Do be prepared for the fact that the DV format results in recordings that are absolutely enormous. Plan on the file consuming about a gigabyte for every four minutes of video, and simply consider this the cost of having every single frame randomly accessible during the editing process.

Which video editor should you use? I lack the time to produce a full review of each option. Instead, I will heartily recommend that you use Cinelerra, for three reasons:

Cinelerra is a “non-linear” video editor, which means that it shows you a time-line picture of your presentation, including your audio track. It's the audio track that's especially important!

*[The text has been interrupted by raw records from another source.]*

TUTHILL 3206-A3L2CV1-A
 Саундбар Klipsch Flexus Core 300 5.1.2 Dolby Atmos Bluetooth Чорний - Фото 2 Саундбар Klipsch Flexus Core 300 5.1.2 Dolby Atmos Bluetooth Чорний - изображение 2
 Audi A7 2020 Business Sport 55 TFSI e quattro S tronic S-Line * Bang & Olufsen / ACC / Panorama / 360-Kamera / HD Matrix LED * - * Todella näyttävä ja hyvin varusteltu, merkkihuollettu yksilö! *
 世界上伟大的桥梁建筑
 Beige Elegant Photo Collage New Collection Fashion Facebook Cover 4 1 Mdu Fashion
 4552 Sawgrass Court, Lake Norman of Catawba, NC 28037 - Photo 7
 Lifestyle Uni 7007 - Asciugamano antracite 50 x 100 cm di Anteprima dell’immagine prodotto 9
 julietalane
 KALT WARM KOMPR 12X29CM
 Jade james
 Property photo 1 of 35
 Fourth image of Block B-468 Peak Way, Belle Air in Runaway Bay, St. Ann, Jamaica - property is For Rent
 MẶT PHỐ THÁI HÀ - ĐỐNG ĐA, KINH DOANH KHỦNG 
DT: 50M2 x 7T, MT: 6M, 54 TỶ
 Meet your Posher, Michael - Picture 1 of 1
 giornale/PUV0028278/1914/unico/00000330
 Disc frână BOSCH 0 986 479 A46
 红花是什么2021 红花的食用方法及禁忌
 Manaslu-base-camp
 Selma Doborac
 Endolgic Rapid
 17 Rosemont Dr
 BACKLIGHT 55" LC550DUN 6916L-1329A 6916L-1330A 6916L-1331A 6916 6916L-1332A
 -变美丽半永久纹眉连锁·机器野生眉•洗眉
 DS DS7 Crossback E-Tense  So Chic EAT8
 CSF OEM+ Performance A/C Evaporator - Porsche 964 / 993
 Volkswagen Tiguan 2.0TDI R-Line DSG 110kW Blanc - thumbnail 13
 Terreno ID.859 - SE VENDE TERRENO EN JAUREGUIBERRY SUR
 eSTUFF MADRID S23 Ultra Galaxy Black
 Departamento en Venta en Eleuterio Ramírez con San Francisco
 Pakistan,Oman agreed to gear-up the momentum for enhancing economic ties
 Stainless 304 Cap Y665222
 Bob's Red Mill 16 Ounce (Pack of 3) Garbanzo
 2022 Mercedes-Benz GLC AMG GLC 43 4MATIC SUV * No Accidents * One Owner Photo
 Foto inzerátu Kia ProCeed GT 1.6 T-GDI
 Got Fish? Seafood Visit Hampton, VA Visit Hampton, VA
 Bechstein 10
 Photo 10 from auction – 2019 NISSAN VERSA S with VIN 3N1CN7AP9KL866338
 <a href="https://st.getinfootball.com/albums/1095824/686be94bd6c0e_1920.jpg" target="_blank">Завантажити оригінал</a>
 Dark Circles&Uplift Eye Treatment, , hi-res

Each of your words shows up as a visible bump in the volume, which makes it really easy to put sentences back together again if, while recording, you made a mistake, paused, and then repeated the last few words again to get them correct.
Cinelerra does not actually alter your source video file. Each time you save your project, it just saves a tiny project.xml file listing the pieces of video and audio that you've clipped together on its timeline. This means that it's not wasting effort trying to modify your multi-gigabyte DV file; instead, it's just remembering which frames of the DV file should be rendered after all of your cutting and pasting are complete.
Because Cinelerra doesn't save any information inside of your video file, you can actually just delete the DV file when you're done using Cinelerra! If you want the ability to do more editing in the future, just keep around your original Ogg/Theora file and the project.xml generated from Cinelerra, and you can always re-generate the DV file (with the command given above) and then re-run Cinelerra.

One hint: when Cinelerra starts, not only will its timeline window appear, but also a window for recording video off of a live camera. Close the recording window, which won't help you during editing, and use the “Windows” pull-down menu to open a “Compositor” window instead. It is the Compositor window that will let you see your presentation's video as you edit.

When you are done editing and are ready to have Cinelerra “render” the result to a new movie file, you are given a choice of output formats. I found that saving to yet another Ogg/Theora file gave the best results.

Mixing back down

Finally, before you submit your screencast to Google Video, or YouTube, or wherever, there are three final goals to be accomplished:

Convert it into a popular format that the hosting service will appreciate. Though Google Video can now process Ogg/Theora files, it seems to put ugly margins around them. I found that submitting the same data as an AVI file produced much more attractive results. (Not that Google Video has terribly good image quality either way!)
Adjust the resolution. Typically, you will want to reduce it from 720 pixels across to something more modest.
Finally, in my case the volume always needs to be adjusted; my microphone is very quiet. So, I ask for the volume to be increased so that my voice hovers around half of full volume. Listen to your result, and change this number to suit your own taste.

All three of these final goals are accomplished with a single command line:

mencoder cinelerra.ogg -vf scale=640:480 \
 -af volnorm=1:0.5 -ovc lavc -oac twolame \
 -o final.avi

The final.avi file is now ready to be posted on the Web!

I hope this helps someone through the frustrations of preparing a screencast themselves. I myself will be looking for more screencast topics in the near future, so that I can use all of this advice again myself. Good luck!